EDIT3: Oh well, sometimes the good ideas come late. It is so simple: Just prefix the key with a timeslot (say day-hour) or make a HASH with name "requests_". Then no overlapping of delete and increment may happen! Every hour you take the possible keys with older "day_hour_*" - values, update the MySQL and delete those old keys. The only condition is that your servers are not too different on their clock, so use UTC and synchronized servers, and don't start the cron at x:01 but x:20 or so.
That means: a called page converts a call of ITEM1 at 23:37, May 26 2013 to Hash 20130526_23, ITEM1. HINCRBY count_20130526_23 ITEM1 1
One hour later the list of keys count_* is checked, and all up to count_20130523 are processed (read key-value by hgetall, update mysql), and deleted one by one after processing (hdel). After finishing that you check if hlen is 0 and del count_...
So you only have a small amount of keys (one per unprocessed hour), that makes keys count_* fast, and then process the actions of that hour. You can give a TTL of a few hours, if your cron is delayed or timejumped or down for a while or something like that.

Would using Redis with Rails provide any performance benefit for this specific kind of queries

I don't know if this is the right place to ask question like this, but here it goes:
I have an intranet-like Rails 3 application managing about 20k users which are in nested-set (preordered tree - http://en.wikipedia.org/wiki/Nested_set_model).
Those users enter stats (data, just plain numeric values). Entered stats are assigned to category (we call it Pointer) and a week number.
Those data are further processed and computed to Results.
Some are computed from users activity + result from some other category... etc.
What user enters isn't always the same what he sees in reports.
Those computations can be very tricky, some categories have very specific formulae.
But the rest is just "give me sum of all entered values for this category for this user for this week/month/year".
Problem is that those stats needs also to be summed for a subset of users under selected user (so it will basically return sum of all values for all users under the user, including self).
This app is in production for 2 years and it is doing its job pretty well... but with more and more users it's also pretty slow when it comes to server-expensive reports, like "give me list of all users under myself and their statistics. One line for summed by their sub-group and one line for their personal stats"). Of course, users wants (and needs) their reports to be as actual as possible, 5 mins to reflect newly entered data is too much for them. And this specific report is their favorite :/
To stay realtime, we cannot do the high-intensive sqls directly... That would kill the server.
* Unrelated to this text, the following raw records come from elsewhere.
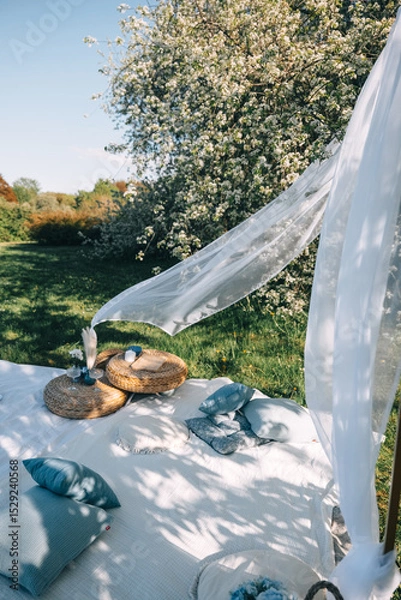 Fototapeta Cozy outdoor seating area with pillows and decor near blooming trees on a sunny day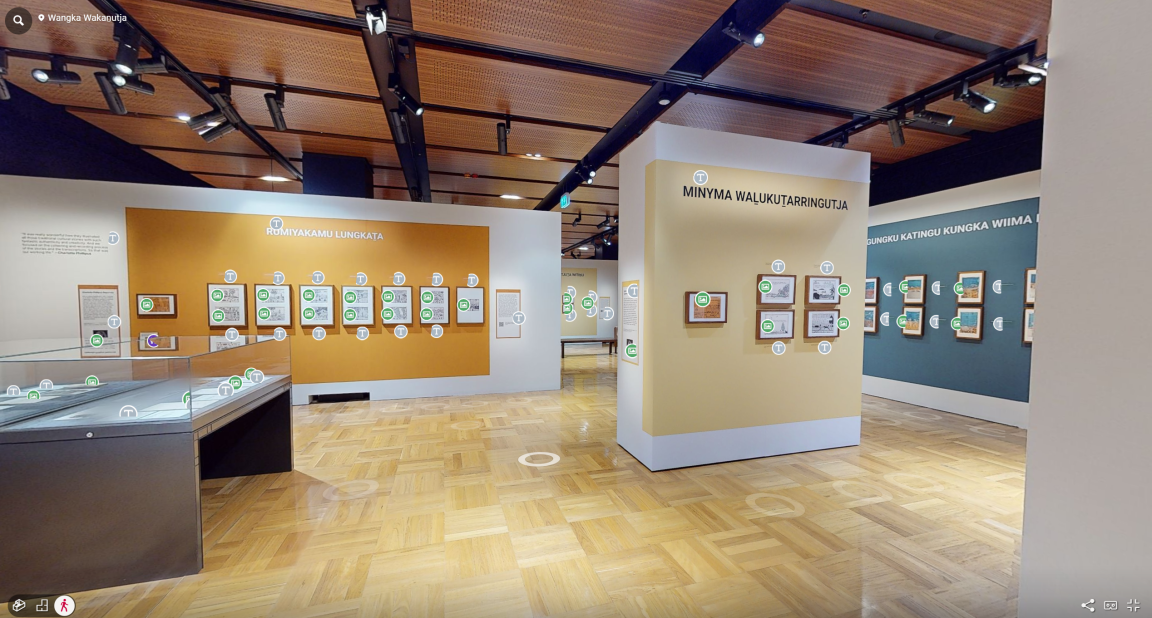 A wide-angle view inside an exhibition gallery. The walls feature illustrations and photographs with descriptive text.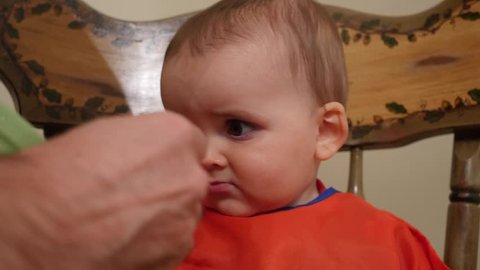 A father attempts to feed his baby boy in the highchair but he wont eat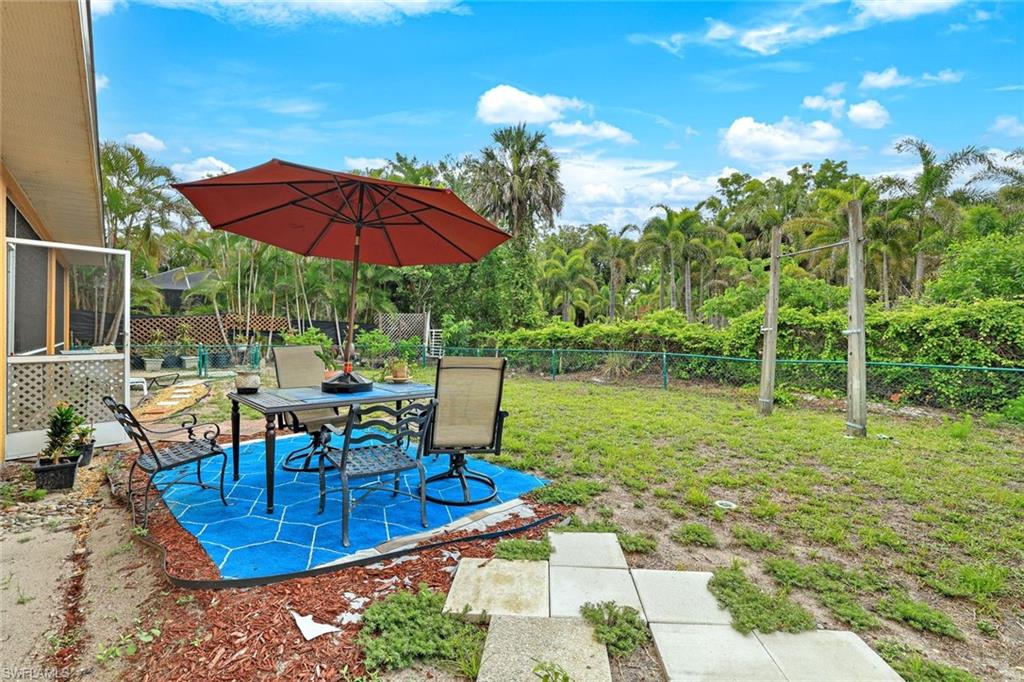 1920 Piccadilly Circus Naples, FL 34112 - Photo 24 of 25 a view of a backyard with sitting area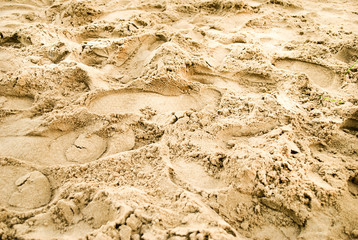 Traces of shoes on the sand on the coast. Summer time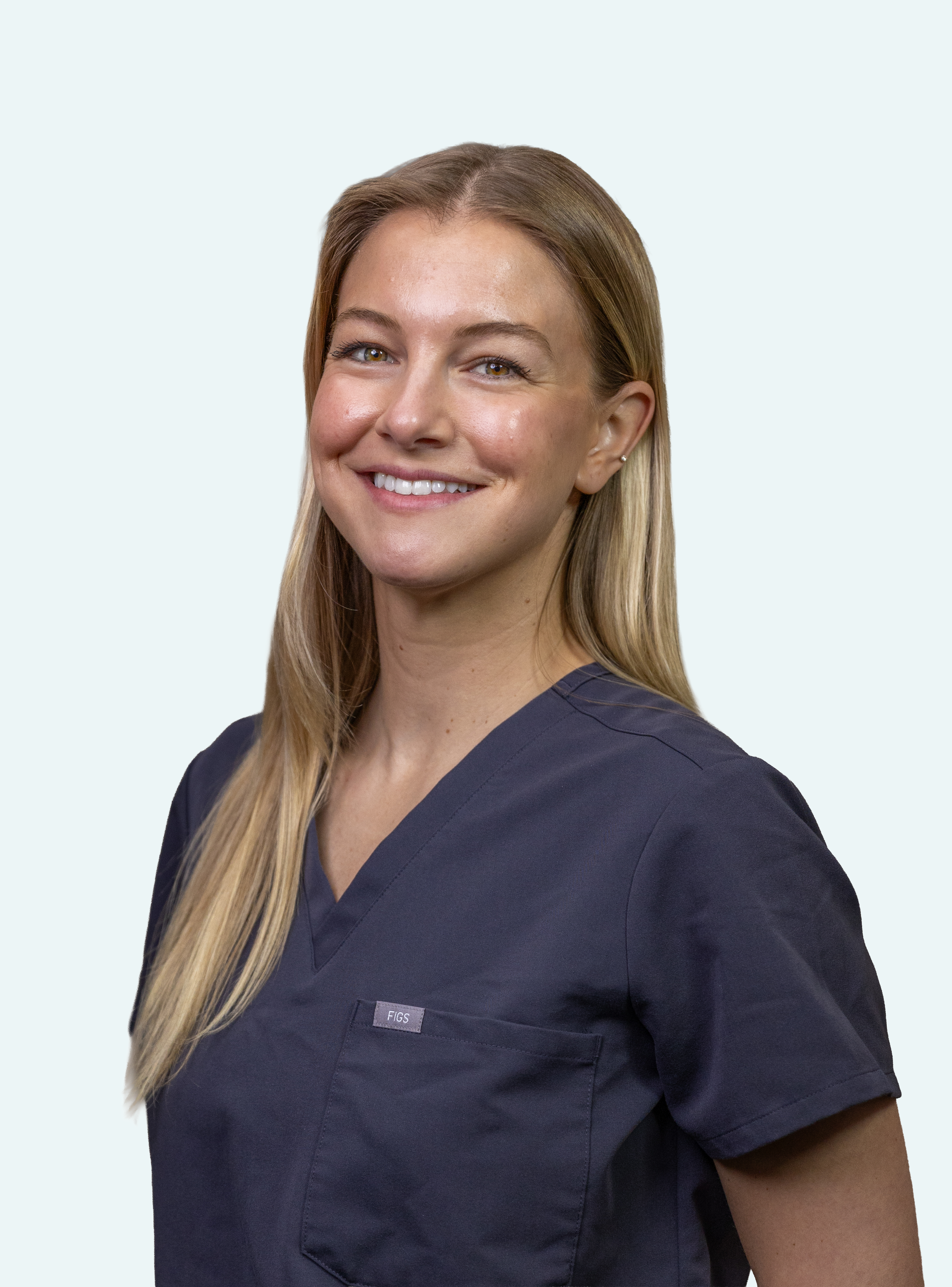 A woman with long blonde hair wearing navy medical scrubs smiling at the camera.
So I'm computing them only once via background process and frontend just reads the results.
Those sqls are hard to optimize and I'm glad I've moved from this approach... (caching is not an option. See below.)
Current app goes like this:
frontend: when user enters new data, it is saved to simple mysql table, like [user_id, pointer_id, date, value] and there is also insert to the queue.
backend: then there is calc_daemon process, which every 5 seconds checks the queue for new "recompute requests". We pop the requests, determine what else needs to be recomputed along with it (pointers have dependencies... simplest case is: when you change week stats, we must recompute month and year stats...). It does this recomputation the easy way.. we select the data by customized per-pointer-different sqls generated by their classes.
those computed results are then written back to mysql, but to partitioned tables (one table per year). One line in this table is like [user_id, pointer_id, month_value, w1_value, w2_value, w3_value, w4_value]. This way, the tables have ~500k records (I've basically reduced 5x # of records).
when frontend needs those results it does simple sums on those partitioned data, with 2 joins (because of the nested set conds).
The problem is that those simple sqls with sums, group by and join-on-the-subtree can take like 200ms each... just for a few records.. and we need to run a lot of these sqls... I think they are optimized the best they can, according to explain... but they are just too hard for it.
So... The QUESTION:
Can I rewrite this to use Redis (or other fast key-value store) and see any benefit from it when I'm using Ruby and Rails? As I see it, if I'll rewrite it to use redis, I'll have to run much more queries against it than I have to with mysql, and then perform the sum in ruby manually... so the performance can be hurt considerably... I'm not really sure if I could write all the possible queries I have now with redis... Loading the users in rails and then doing something like "redis, give me sum for users 1,2,3,4,5..." doesn't seem like right idea... But maybe there is some feature in redis that could make this simpler?)...
Also the tree structure needs to be like nested set, i.e. it cannot have one entry in redis with list of all child-ids for some user (something like children_for_user_10: [1,2,3]) because the tree structure changes frequently... That's also the reason why I can't have those sums in those partitioned tables, because when the tree changes, I would have to recompute everything.. That's why I perform those sums realtime.)
Or would you suggest me to rewrite this app to different language (java?) and to compute the results in memory instead? :) (I've tried to do it SOA-way but it failed on that I end up one way or another with XXX megabytes of data in ruby... especially when generating the reports... and gc just kills it...) (and a side effect is that one generating report blocks the whole rails app :/ )
Suggestions are welcome.
Redis would be faster, it is an in-memory database, but can you fit all of that data in memory? Iterating over redis keys is not recommended, as noted in the comments, so I wouldn't use it to store the raw data. However, Redis is often used for storing the results of sums (e.g. logging counts of events), for example it has a fast INCR command.
I'm guessing that you would get sufficient speed improvement by using a stored procedure or a faster language than ruby (eg C-inline or Go) to do the recalculation. Are you doing group-by in the recalculation? Is it possible to change group-bys to code that orders the result-set and then manually checks when the 'group' changes. For example if you are looping by user and grouping by week inside the loop, change that to ordering by user and week and keep variables for the current and previous values of user and week, as well as variables for the sums.
This is assuming the bottleneck is the recalculation, you don't really mention which part is too slow.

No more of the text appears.